CAPE MAY COURT HOUSE — Engineer Richard Ruth told jurors in Trooper Robert Higbee's vehicular homicide trial that Higbee was traveling 65 mph in the moments before he crashed into another car at an Upper Township intersection.
Ruth, a former Ford Motor Co. employee who works as a private consultant, analyzed the data collected by the event data recorder, or EDR, taken from Higbee's 2005 Ford Crown Victoria police interceptor.
The EDR, sometimes called a vehicle's black box, records more than a dozen types of information in its powertrain control module, or PCM, but Ruth focused on the speed, braking and acceleration recorded by the PCM in the 25 seconds before the crash.
Ruth said the PCM is “the brain that runs the engine in Ford Motor Co. products.”
Higbee ran the stop sign at the intersection of Tuckahoe and Stagecoach roads on Sept. 27, 2006, colliding with a Dodge Caravan minivan occupied by Jacqueline Becker, 17, and her sister, Christina Becker, 19. The Upper Township sisters died at the scene. Five months later Higbee was indicted on two counts of vehicular homicide.
Ruth, testifying for the prosecution as an expert witness, told First Assistant Prosecutor J. David Meyer that the PCM recorded a final speed of 65 mph. The device stopped recording upon impact because the crash destroyed the police car's battery, causing it to lose power.
Using a series of charts, Ruth took jurors through those last 25 seconds, tracing the police car's path as it moved between a maximum of 79.6 mph and the final impact speed.
Ruth said the car initially accelerated to 75 mph as Higbee attempted to catch a speeder traveling north on Stagecoach Road. That took place at least 2,300 feet and between 25 and 20 seconds from the point of impact, he said.
From there, the car maintained a speed between 70 and 80 mph for about 14 seconds. The car then coasted as Higbee touched the brake intermittently between 2.8 and 6 seconds before the collision, he said.
"The foot (of the driver) is going back and forth, back and forth, back and forth," Ruth said.
Ruth said the speed remained at about 75 mph as late as 1.6 seconds before the crash or between 276 to 166 feet before impact.

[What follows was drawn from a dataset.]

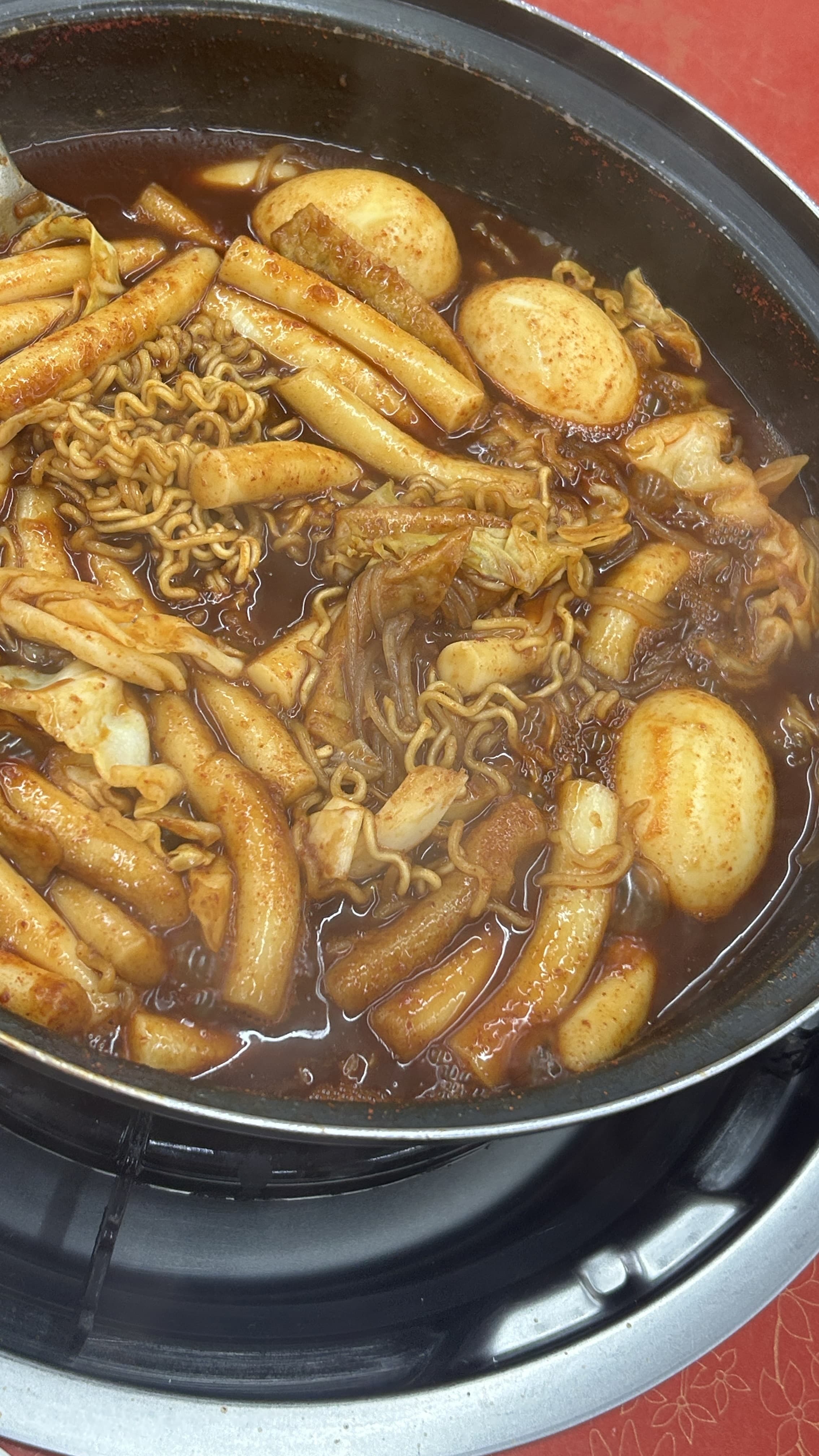 즉석떡볶이 냄비 안의 떡, 라면사리, 삶은 달걀 클로즈업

"The foot of the driver is not touching the brake pedal at that time," Ruth said.
Ruth said the car then entered a final phase, which he called the avoid impact phase, in the 1.4 seconds to two-tenths of a second before impact.
It is during that period, he said, that the speed rapidly declined and that the brake was depressed "with enough force to slow the vehicle significantly."
"That last two-tenths of a second here is consistent with hard braking," Ruth said.
But it was not enough to avoid the collision.
For Higbee to have stopped in time, Ruth said, he would have had to begin braking at last 300 feet from the point of impact, given the speeds he was traveling.
During his cross-examination, defense attorney D. William Subin focused on Ruth's work for the Cape May County Prosecutor's Office and the testing Ruth performed on a 2005 Ford Crown Victoria police interceptor in 2007.
He noted that Ruth was serving as paid consultant at the rate of $200 per hour, and that Ruth first offered his services to the county in February 2008 after a current Ford engineer was not required to testify in the case.
Ruth tested a similar vehicle in a series of tests in 2007, but he said only a portion of those test results had undergone peer review by professionals.
Ruth also testified that EDRs were not created specifically for accident reconstruction or investigation, but rather as a tool for manufacturers to assess their cars’ safety.
Subin added that Ford has not crash-tested the EDRs, but Ruth said the EDRs are "tested during normal operation" of Ford vehicles.
Subin asked if EDRs could replace more traditional investigation methods such as the momentum analysis used by the State Police in Higbee's case.
“The (powertrain control module) is one more tool, but it does contain information above and beyond the momentum analysis," Ruth said.
The trial will resume Tuesday morning after the Memorial Day holiday with the continuing cross-examination of Sgt. 1st Class John McMahon, an accident reconstructionist with the State Police.
Superior Court Judge Raymond Batten also told the jurors that testimony would be heard on Friday, May 29. Normally, the trial has been held only on Mondays through Thursdays.